**Work instructions:** Could you print every line from the first one of the records below through the line containing "南芦屋浜 サヨリ爆超 楽しい!楽しい!", with both included and nothing else?

[Saved entries]
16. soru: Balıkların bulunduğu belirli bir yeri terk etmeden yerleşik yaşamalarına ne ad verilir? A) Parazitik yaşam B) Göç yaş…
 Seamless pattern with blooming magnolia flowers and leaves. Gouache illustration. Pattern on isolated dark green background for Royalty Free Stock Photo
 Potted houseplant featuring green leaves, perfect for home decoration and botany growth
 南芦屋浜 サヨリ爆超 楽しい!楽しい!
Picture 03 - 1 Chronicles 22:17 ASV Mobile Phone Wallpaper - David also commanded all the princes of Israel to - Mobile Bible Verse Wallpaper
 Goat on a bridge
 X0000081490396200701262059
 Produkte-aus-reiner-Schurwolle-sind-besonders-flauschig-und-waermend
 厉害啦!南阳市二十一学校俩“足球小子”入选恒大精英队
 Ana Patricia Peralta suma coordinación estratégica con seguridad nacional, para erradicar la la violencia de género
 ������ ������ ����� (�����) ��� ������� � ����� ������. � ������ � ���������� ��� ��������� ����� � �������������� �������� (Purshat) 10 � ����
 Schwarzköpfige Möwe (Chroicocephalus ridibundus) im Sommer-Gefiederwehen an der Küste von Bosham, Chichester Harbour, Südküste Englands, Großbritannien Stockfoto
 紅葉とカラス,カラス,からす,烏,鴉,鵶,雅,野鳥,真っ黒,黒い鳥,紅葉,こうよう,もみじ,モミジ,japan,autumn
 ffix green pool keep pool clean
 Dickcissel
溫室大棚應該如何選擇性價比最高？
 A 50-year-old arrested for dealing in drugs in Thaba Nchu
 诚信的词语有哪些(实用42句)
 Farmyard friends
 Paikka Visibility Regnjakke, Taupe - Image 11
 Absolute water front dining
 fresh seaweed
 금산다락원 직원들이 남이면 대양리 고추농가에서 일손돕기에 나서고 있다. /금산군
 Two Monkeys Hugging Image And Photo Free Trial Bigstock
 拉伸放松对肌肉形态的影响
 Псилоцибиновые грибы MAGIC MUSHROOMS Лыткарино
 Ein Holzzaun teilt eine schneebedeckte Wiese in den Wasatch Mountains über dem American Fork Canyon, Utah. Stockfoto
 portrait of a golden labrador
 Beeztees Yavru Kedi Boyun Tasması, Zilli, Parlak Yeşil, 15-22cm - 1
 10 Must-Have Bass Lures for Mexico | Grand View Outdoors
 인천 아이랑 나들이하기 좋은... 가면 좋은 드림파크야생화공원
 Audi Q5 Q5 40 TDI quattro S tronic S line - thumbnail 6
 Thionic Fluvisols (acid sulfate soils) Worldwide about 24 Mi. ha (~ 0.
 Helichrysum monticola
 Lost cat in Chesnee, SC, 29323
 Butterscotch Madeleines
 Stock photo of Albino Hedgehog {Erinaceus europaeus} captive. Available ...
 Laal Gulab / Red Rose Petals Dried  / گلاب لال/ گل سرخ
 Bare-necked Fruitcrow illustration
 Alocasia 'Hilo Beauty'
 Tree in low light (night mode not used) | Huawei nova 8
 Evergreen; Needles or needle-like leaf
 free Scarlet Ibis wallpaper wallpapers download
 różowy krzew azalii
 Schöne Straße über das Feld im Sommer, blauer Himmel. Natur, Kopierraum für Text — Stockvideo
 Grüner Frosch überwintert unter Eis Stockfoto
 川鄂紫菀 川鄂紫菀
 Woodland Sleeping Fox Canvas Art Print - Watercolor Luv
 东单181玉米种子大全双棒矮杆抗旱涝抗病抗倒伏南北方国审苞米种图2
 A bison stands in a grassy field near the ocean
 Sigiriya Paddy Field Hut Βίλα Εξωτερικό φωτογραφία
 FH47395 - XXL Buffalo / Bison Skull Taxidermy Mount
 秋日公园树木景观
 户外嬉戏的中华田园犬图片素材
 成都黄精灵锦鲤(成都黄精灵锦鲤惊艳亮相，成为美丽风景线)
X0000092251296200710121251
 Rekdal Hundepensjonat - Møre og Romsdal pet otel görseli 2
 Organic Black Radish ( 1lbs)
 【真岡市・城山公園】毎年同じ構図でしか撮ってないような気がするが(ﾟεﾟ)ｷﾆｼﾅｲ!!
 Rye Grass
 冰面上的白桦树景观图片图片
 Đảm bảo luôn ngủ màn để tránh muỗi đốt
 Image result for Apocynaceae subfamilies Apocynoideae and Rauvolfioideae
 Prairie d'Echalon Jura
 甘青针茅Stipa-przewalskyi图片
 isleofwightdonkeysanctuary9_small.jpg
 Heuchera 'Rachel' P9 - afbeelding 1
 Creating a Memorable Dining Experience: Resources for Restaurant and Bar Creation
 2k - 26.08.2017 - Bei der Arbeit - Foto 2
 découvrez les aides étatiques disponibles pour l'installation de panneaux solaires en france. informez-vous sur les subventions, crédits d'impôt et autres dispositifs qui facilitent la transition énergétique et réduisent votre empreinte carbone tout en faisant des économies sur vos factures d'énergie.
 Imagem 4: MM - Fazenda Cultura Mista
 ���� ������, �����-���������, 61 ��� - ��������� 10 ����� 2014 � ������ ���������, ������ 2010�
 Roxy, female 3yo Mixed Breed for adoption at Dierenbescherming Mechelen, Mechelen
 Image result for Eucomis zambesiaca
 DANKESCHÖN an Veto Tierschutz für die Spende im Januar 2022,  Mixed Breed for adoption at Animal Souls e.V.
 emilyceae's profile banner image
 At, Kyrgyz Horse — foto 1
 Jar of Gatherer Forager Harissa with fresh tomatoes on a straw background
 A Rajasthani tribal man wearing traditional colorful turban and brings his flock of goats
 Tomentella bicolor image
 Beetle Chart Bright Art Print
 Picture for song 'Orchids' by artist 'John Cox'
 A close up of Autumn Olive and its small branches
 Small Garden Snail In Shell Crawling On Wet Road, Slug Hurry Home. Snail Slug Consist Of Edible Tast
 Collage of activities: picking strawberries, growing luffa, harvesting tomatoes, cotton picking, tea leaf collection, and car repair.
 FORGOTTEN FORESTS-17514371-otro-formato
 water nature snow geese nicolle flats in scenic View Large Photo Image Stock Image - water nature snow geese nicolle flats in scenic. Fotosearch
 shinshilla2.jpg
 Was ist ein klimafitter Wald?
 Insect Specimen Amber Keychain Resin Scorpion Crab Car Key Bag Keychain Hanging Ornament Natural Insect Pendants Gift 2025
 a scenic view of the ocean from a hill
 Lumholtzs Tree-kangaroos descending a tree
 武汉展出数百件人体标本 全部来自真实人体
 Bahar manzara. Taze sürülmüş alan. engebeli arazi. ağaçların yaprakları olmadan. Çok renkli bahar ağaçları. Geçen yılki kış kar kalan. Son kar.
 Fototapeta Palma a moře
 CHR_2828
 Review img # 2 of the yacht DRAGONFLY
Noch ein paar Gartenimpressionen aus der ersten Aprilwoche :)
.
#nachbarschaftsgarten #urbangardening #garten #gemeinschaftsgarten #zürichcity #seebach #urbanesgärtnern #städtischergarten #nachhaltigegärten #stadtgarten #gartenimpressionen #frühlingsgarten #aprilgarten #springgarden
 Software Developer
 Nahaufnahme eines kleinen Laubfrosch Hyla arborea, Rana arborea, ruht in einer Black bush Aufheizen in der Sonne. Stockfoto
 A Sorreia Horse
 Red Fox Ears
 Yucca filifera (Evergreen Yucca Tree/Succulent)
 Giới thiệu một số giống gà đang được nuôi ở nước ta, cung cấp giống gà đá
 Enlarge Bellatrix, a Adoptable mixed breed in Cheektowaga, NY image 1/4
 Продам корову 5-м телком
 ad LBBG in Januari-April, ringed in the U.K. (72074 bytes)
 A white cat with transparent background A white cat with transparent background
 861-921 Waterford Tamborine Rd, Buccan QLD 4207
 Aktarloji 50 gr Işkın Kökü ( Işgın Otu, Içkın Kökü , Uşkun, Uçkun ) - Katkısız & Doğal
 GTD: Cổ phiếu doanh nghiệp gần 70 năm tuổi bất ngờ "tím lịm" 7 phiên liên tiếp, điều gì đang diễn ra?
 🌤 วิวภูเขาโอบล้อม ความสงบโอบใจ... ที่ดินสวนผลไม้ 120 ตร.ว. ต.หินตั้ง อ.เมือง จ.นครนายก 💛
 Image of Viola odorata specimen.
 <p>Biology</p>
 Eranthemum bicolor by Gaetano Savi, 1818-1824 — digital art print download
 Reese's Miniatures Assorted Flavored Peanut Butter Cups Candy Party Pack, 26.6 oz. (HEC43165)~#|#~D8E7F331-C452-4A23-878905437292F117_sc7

**Answer to this problem:**
16. soru: Balıkların bulunduğu belirli bir yeri terk etmeden yerleşik yaşamalarına ne ad verilir? A) Parazitik yaşam B) Göç yaş…
 Seamless pattern with blooming magnolia flowers and leaves. Gouache illustration. Pattern on isolated dark green background for Royalty Free Stock Photo
 Potted houseplant featuring green leaves, perfect for home decoration and botany growth
 南芦屋浜 サヨリ爆超 楽しい!楽しい!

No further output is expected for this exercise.